Haruskah Investor Saham Cemas soal Perang Dunia Ketiga?

Tim Riset, CNBC Indonesia
21 March 2022 13:40
Ilustrasi Bursa Efek Indonesia (CNBC Indonesia/Andrean Kristianto)
Foto: Ilustrasi Bursa Efek Indonesia (CNBC Indonesia/Andrean Kristianto)

Jakarta, CNBC Indonesia - Investor saham global masih terus memantau perkembangan konflik Rusia-Ukraina yang telah berlangsung hampir sebulan. Selain itu, pelaku pasar juga akan terus memperhatikan langkah bank sentral Amerika Serikat (AS) ke depan terkait kenaikan agresif suku bunga acuan.

Teranyar, Presiden Ukraina Volodymyr Zelenskyy memperingatkan bahwa jika pembicaraan damai dengan pemimpin Rusia Vladimir Putin gagal, hal itu berpotensi memicu perang dunia ketiga (PD III).

"Jika upaya ini gagal, itu berarti ini adalah perang dunia ketiga," kata Zelensky dalam wawancara dengan Fareed Zakaria dari CNN yang ditayangkan Minggu pagi waktu AS (20/3), sebagaimana dikutip CNBC International.
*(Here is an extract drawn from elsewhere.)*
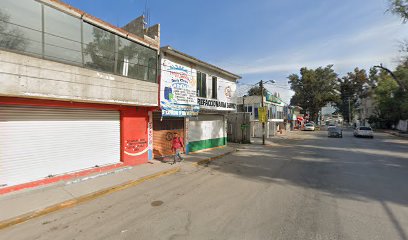 Ferre Galindo en Tula de Allende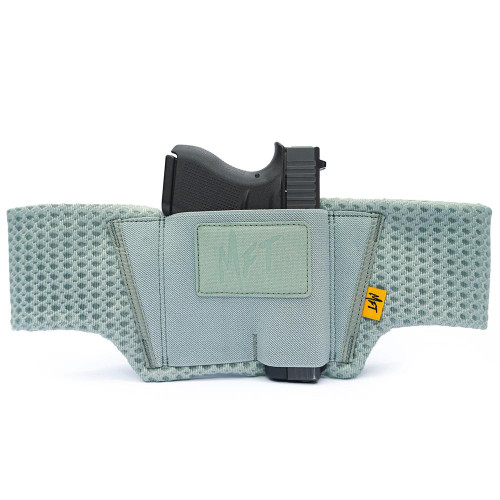 Mission First Tactical Ultralite Belly Band Holster Sage Green Ambidextrous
Pejabat Ukraina dan Rusia sendiri telah beberapa kali bertemu untuk pembicaraan damai, tetapi gagal mencapai kesepakatan utama.

Sementara itu, Presiden AS Joe Biden berencana mengadakan pembicaraan dengan para pemimpin Eropa Senin ini (21/3), seiring Ukraina menolak permintaan Rusia untuk menyerahkan kota pelabuhan Mariupol selatan yang sebelumnya telah terkepung.
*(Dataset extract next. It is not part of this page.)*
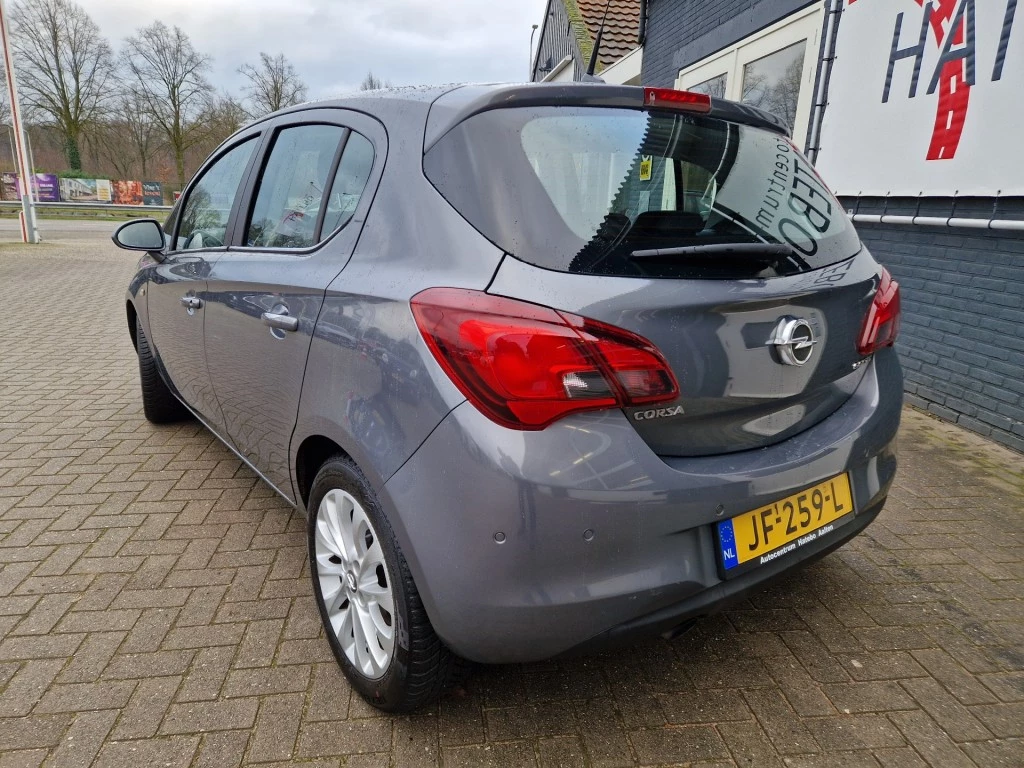 Hoofdafbeelding Opel Corsa-e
Sebelumnya, melansir Bloomberg, Minggu (20/3), utusan utama China untuk Washington berjanji negaranya "akan melakukan segalanya" untuk meredakan perang di Ukraina, tetapi menolak untuk mengutuk serangan Rusia dan menyebut permintaan semacam itu "naif."
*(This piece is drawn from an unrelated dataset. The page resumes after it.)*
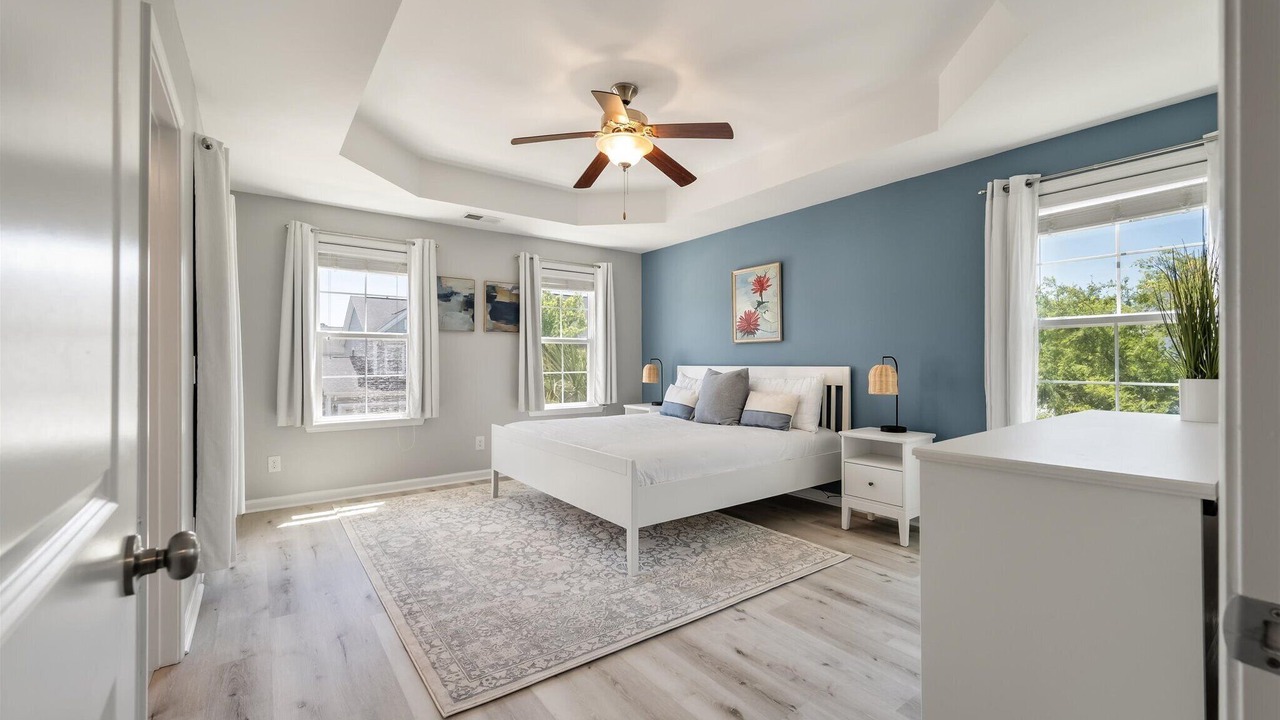 Photo of Bedroom in Johns Island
"Ada disinformasi tentang China yang memberikan bantuan militer ke Rusia," kata Duta Besar Qin Gang di "Face the Nation" CBS pada Minggu.

"China tidak mengirim "senjata dan amunisi ke pihak mana pun," lanjutnya, menyebut "kepentingan bersama" Beijing dengan Rusia sebagai "aset" yang dapat membantu pembicaraan damai tersebut.

"Mengutuk tidak menyelesaikan masalah," Qin bilang, "Saya akan terkejut jika Rusia akan mundur dengan kecaman."

Investor Menakar Langkah Agresif The Fed

Selain soal perang, pasar juga dibayangi rencana agresif kenaikan suku bunga oleh bank sentral Amerika Serikat (AS), Federal Reserve (The Fed), sepanjang tahun ini.

Asal tahu saja, pada Kamis pekan lalu (17/3), The Fed mengumumkan kenaikan suku bunga seperempat poin persentase atau 25 basis poin menjadi 0,2-0,5%.

Kenaikan suku bunga tersebut juga mulus. Pada hari pengumuman, tidak ada gejolak di pasar finansial global, malah aset-aset berisiko mengalami penguatan padahal The Fed mengindikasikan akan agresif dalam menaikkan suku bunga tahun ini.

Tiga indeks saham utama bursa saham AS atawa Wall Street, misalnya, sukses menorehkan kinerja cemerlang selama sepekan kemarin.

Sepanjang pekan lalu, ketiga indeks utama saham Negeri Paman Sam tersebut mencatat kinerja terbaik sejak awal November 2020. Dow Jones melonjak 5,5%, S&P naik 6,2%, dan Nasdaq menguat 8,2%

"Setelah salah satu minggu terbaik dalam beberapa tahun, sekarang pertanyaannya adalah apakah saham dapat menahan kenaikan itu? Kabar baiknya adalah April secara historis merupakan salah satu bulan terbaik untuk saham, jadi kalender tetap positif untuk tren kenaikan," kata Ryan Detrick dari LPL Financial, dikutip CNBC International.

Sementara, Kepala Ekuitas, Derivatif, dan Strategi Kuantitatif di Evercore ISI Julian Emanuel bilang, setelah pengumuman suku bunga The Fed, saat ini investor di AS akan berfokus pada rilis laba perusahaan lagi.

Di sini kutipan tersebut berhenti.